His life story reads like a cliche version of the American dream, from “wretched refuse” to success in two generations. His parents were immigrants, living in a cold-water flat in Hartford. His mother died when he was just a toddler, his father working as a greenskeeper while his older sisters and brother chipped in to run the household. At 18, he was in England and France fighting the war; the GI Bill helped him get his degree.

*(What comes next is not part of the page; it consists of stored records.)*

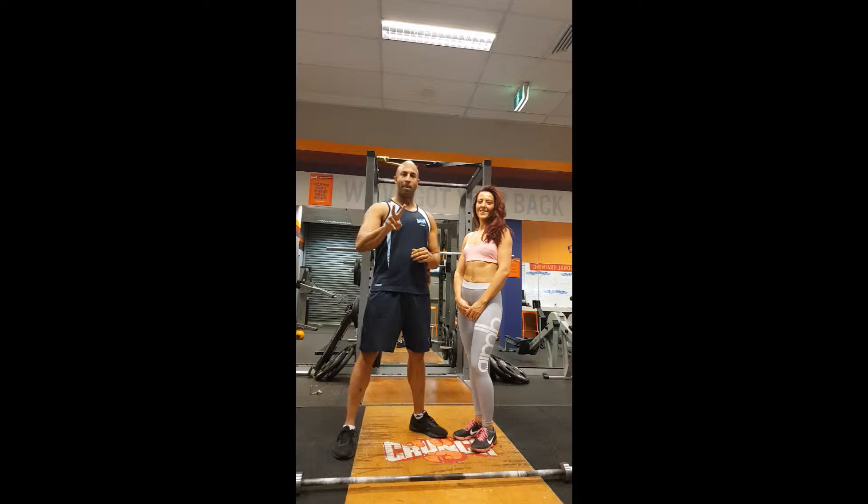There are two different training methods and ideologies: either training for functionality or training to look good. All we're going to be doing is training to look good. So if you're trying to add more tone or shape to your deltoids, which is your shoulder.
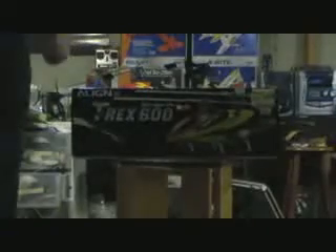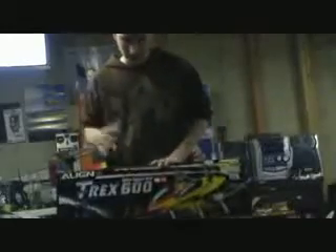Alright guys, welcome to RC Made Easy and today I'm going to do a quick review on the T-Rex 600 Nitro Pro. The kit itself is $789.99, that's at my hobby shop at least.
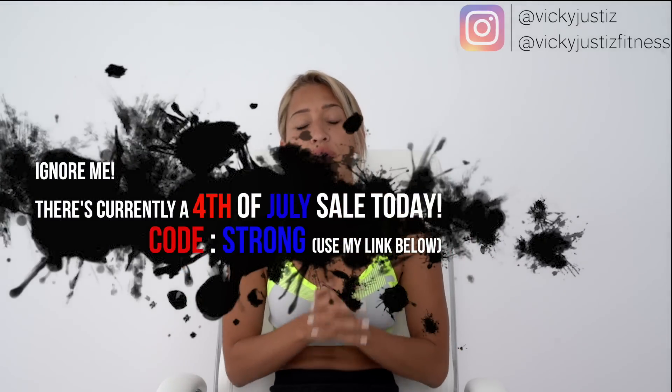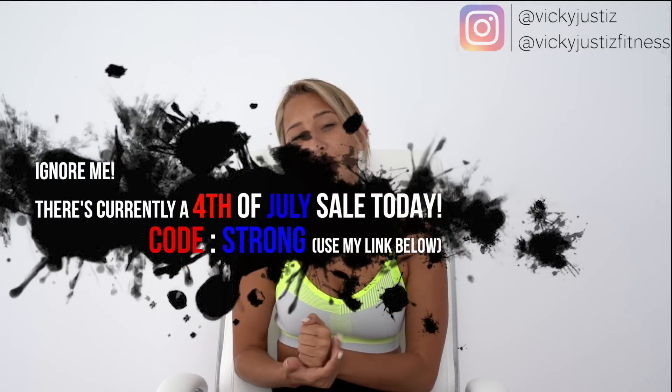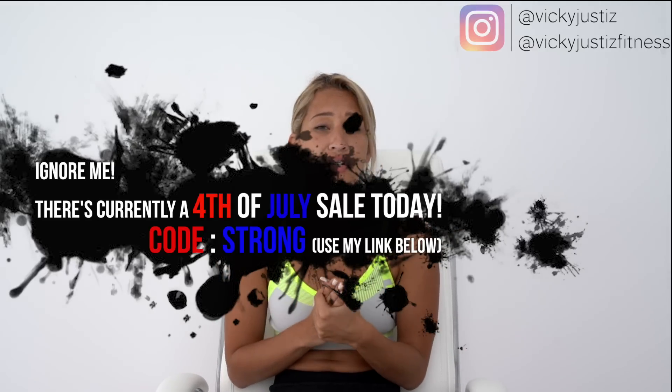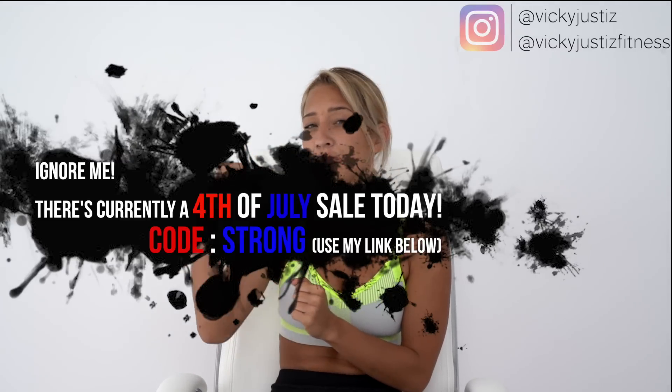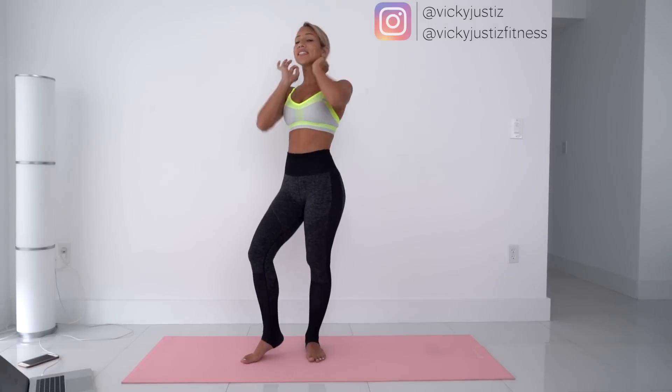If you'd like to shop Women's Best, the link is in my description. It would mean the world to me if you shop through my special link — it will help me continue my partnership with Women's Best, which in turn helps me continue to create free content for you guys. I also have a promo code: 'vicky10' to save 10% off at checkout. Depending on when you're watching, they might have a better sale on their site. Okay, let's do this workout! We're doing seven exercises for 60 seconds on and 30 seconds rest — a nice 10-minute workout.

He took a job as a detail man for a pharmaceutical company and married when he was 30. Family took precedence. “No one on their deathbed regrets not spending more time at the office,” he would say. He reveled as his many children grew, went to college, married, and helped make the brood even larger. He had an acute and curious intellect, a strong faith, and a deep engagement with the larger world. Fairness, tolerance, and justice were his values and he passed them on to his children, the success of his teaching reflected in their own lives and careers.
Early Wednesday morning his oxygen levels fell sharply. The doctors had proposed more extreme measures — intubation, for instance — but he refused. “Call my wife,” he said. “I’m ready to die.” When I stepped into his room just before dawn, I was the last of the children to arrive. “Glad you could make it,” he said dryly, his voice muffled from a respirator mask. Words failed or dissolved into tears as we each tried to say goodbye. In truth, no words were needed.
A nurse turned off his monitor and removed his mask.
“Rage, rage against the dying of the light,” Dylan Thomas urged his father, and I felt the same way too. But my father had raged in the past, knowing when to pick his medical battles and always emerging the victor. This time he took a different course, a course he chose for himself.
Death in these circumstances comes with an almost agonizing slowness. My father received some morphine to ease the pain, occasionally closing his eyes but often awake and talking. He was pleased to hear the Obamacare website was back up. He took with equanimity Jacoby Ellsbury’s departure for the Yankees. We sang songs until he pointed out, “You’re repeating yourselves.” More and more of his extended family gathered. “Wow,” he said at one point, surveying the packed room.
“Daddy, you’re still teaching us,” one of my sisters said. “Teaching us how to die.”
“I love you all,” he said and then, to my mother who bent over him weeping, “No. Be happy.” He closed his eyes for the final time. About 14 hours later, at 2:46 a.m. he drew his last breath. No regrets.